В Писеке только что развернулся полевой госпиталь, хотя на сей раз его трудно было назвать полевым. Военврачи заехали в старинную больницу с высокими окнами и просторными палатами. Своих медикаментов в больнице почти не было, зато было электричество, медицинские инструменты и сколько угодно горячей воды. Почти роскошь для полевого госпиталя.
– На стол лейтенанта – услышал Севка женский голос и увидел молодую, худую женщину-военврача с погонами майора. Потом он увидел ее же в белом халате, отмывающую руки в тазу с горячей водой. Укол в руку погрузил его в сон, по которому он путешествовал, казалось, бесконечно долго.
Когда Булай пришел в себя, снова ее глаза смотрели на него.
– Вот Ваша пулька– показала она черную пулю от МГ на кусочке бинта. – Она Вас рикошетом нашла, а если бы напрямую попала, то все было бы хуже. Но Бог Вас бережет. Рядом с мочевым пузырем прошла, который у Вас и без того заштопан и у позвоночника застряла. Счастливчик Вы. Сколько раз немцы из Вас решето делали, а Вы живы-здоровы. Рану мы залечим, не такие залечивали. Но полежать придется порядком. Настя, открой окно. Пусть больной майским воздухом дышит.
Булай почувствовал необъяснимую сладкую тревогу. Он еще не видел Насти, но понял, что это именно она. Девушка приблизилась к его постели. Глаза ее были полны слез.
– Севушка, встретились мы – едва произнесла она.
– Ждала она Вас, лейтенант – услышал он снова голос военврача – ждала всю войну.
Севка молчал. Спазмы перехватили его горло.
– И ты ждал меня, Севушка – я знаю. Теперь мы неразлучны станем.

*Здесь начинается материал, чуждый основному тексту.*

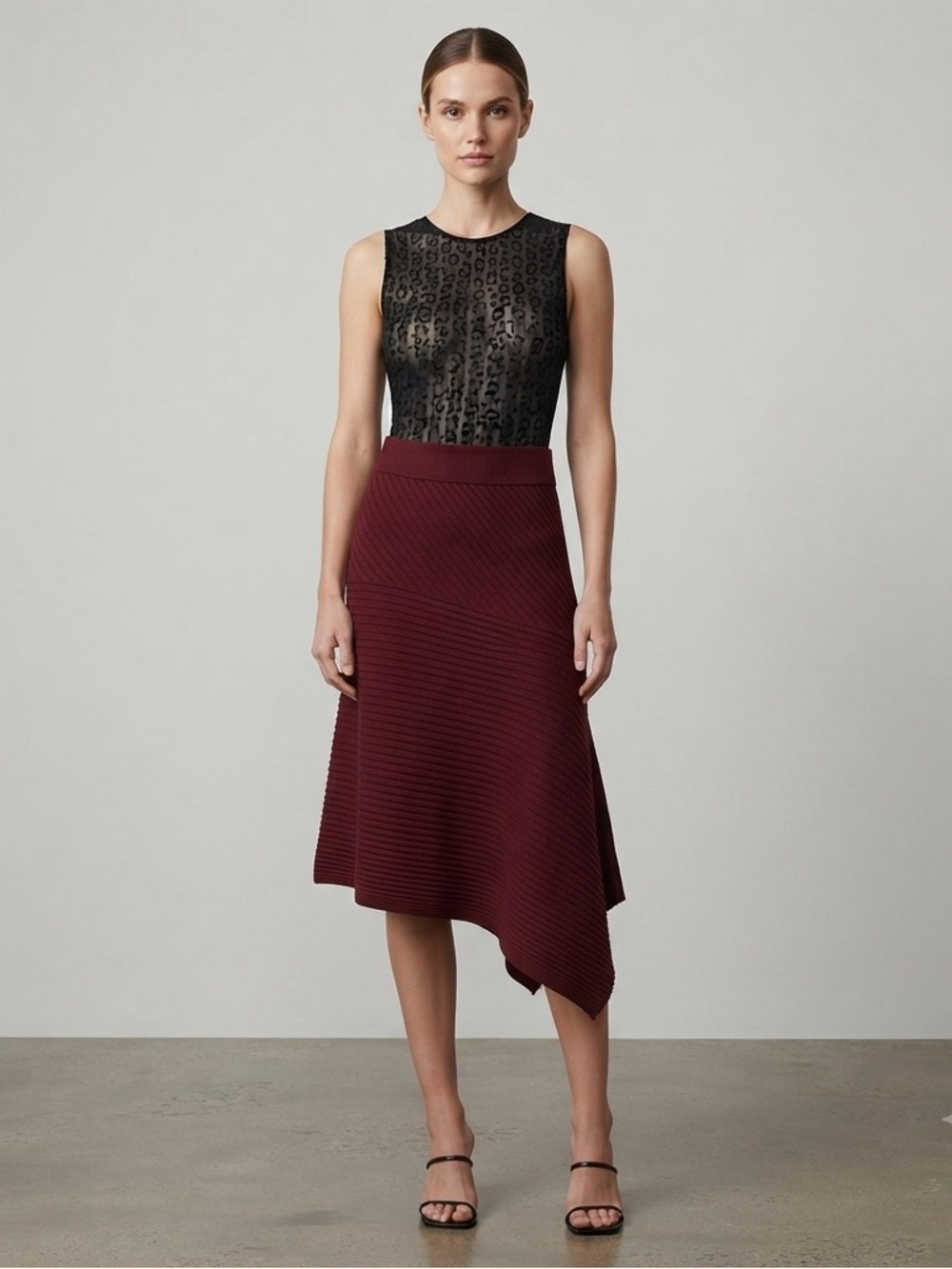 A.L.C. Burgundy Ribbed Knit Asymmetric Skirt Merino Wool Sample Sz S
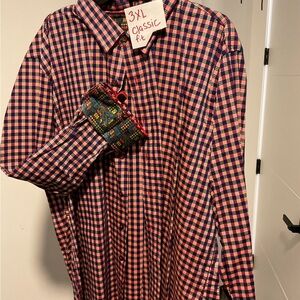 Men's Pink and Blue Checkered Shirt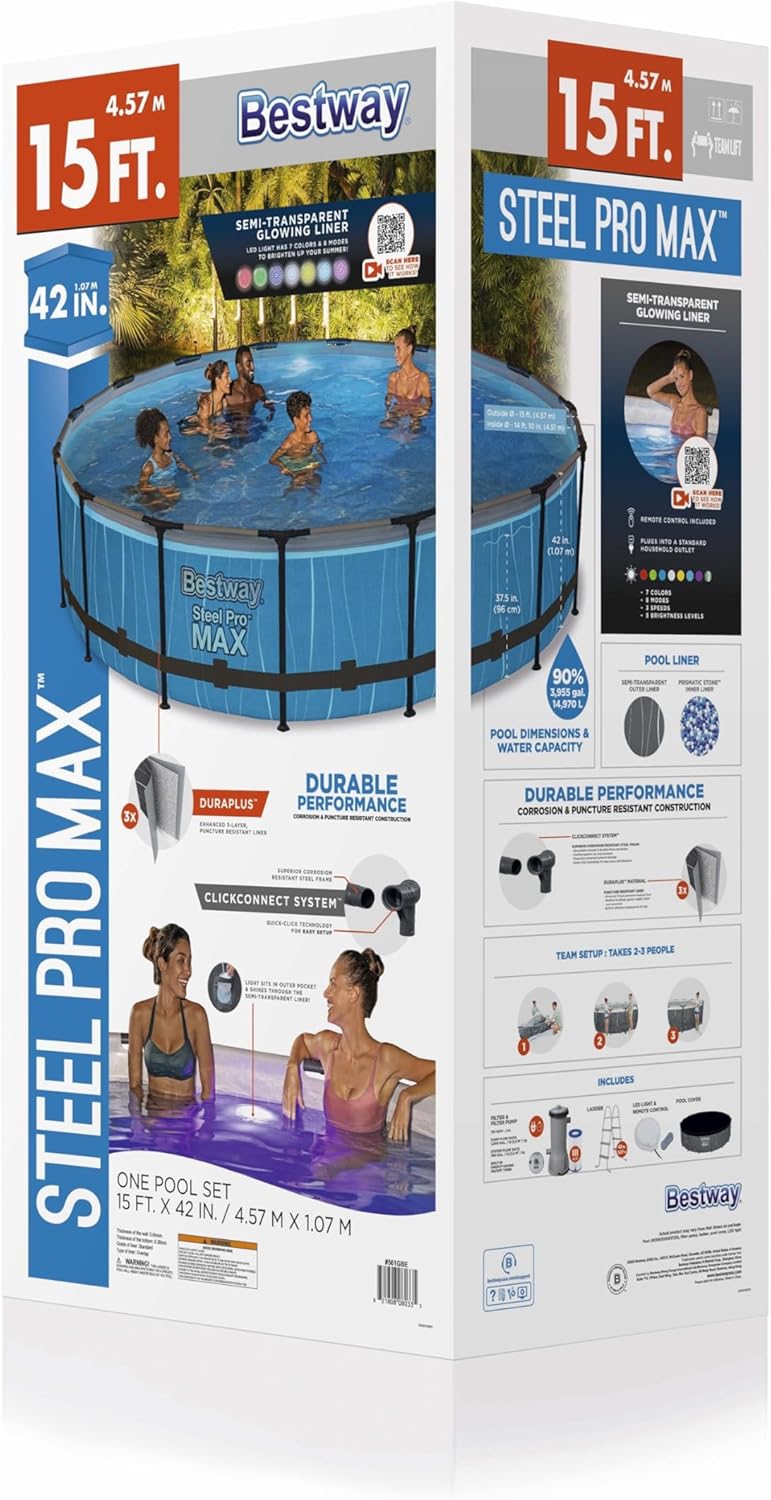  Click to see full view      3+  7 VIDEOS Bestway Steel Pro MAX Above Ground Swimming Pool (15' x 42") | Round Outdoor Backyard Family Pool with Color-Changing Pool Liner | Features 7-Color LED Lights image 6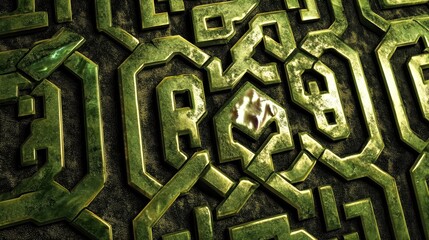 Intricate interlocking geometric shapes with a metallic green texture and embossed details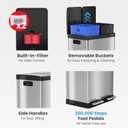 iTouchless 60 Liter / 16 Gallon Rectangular Dual Compartment Kitchen Trash Can & Recycling Bin, Odor Filter, Soft-Close, Hands-Free Step Pedals, Color-Coded Buckets, Smudge-Resistant Stainless Steel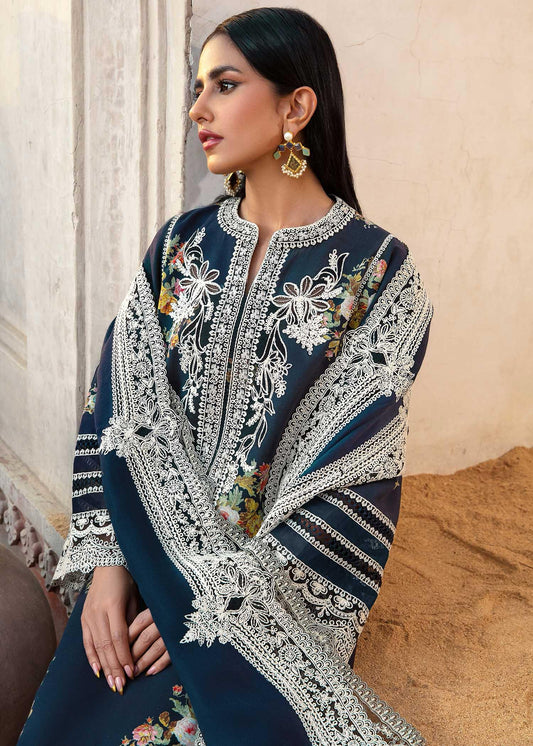 Crimson 3Pc Embroidered Lawn Suit With Embroidered Cotton Net Dupatta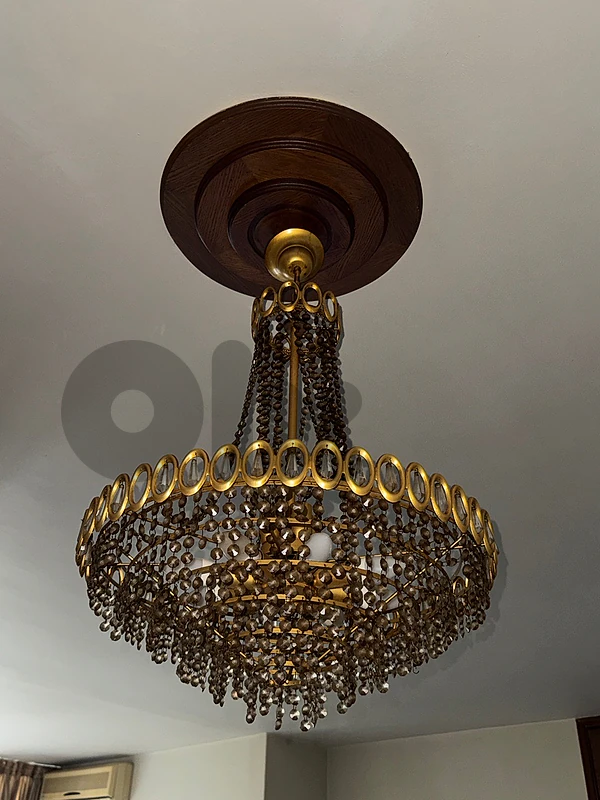 Mid-Century Nordic Style Gilt Brass & Crystal Empire Chandelier ⚜️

Булай почувствовал что-то горячее на своем лице. Он не плакал с детства и не сразу понял, что обжигает ему щеки.
«Ну вот, дождался» – подумал он.
Яркое майское солнце залило палату золотыми лучами – предвестниками длинной и счастливой жизни.
Эпилог
Из «ласточкина гнезда» можно увидеть баварский городок Оберамагау в мае 1945 года. В него уже без единого выстрела вошли американцы. Мир возвращался в Оберамагау звуками джаза из патефонов и белозубым смехом солдат-негров. Оставшиеся в живых немецкие мужчины еще опасливо прятались по домам, а немецкие женщины, стосковавшиеся по любовным утехам, уже охотно флиртовали с победителями на залитых солнцем улицах.
Мир наступал и для Готфрида Золля. По ночам он видел, как истаивает в бездонном темном небе тень Черного ангела. Тень роняла последние перья, и казалось, растворяется в пространстве.
Но из «ласточкина гнезда» видно, что это лишь кажется старому астрологу. Он был сильно истощен полуголодным пайком, и зрение его ослабло. Или, может быть, сознание Золля начинало бредить, потому что он очень хотел увидеть над Германией чистое небо. Нет, Черный ангел не исчез. Просто он повел крыльями и медленно улетел в небо над Северной Америкой, где в пустыне Невады заканчивалось приготовление к взрыву первой атомной бомбы. Он чуял большую поживу для себя и снова стал набирать оперение. Теперь Америка обещала дать ему работу на долгие времена.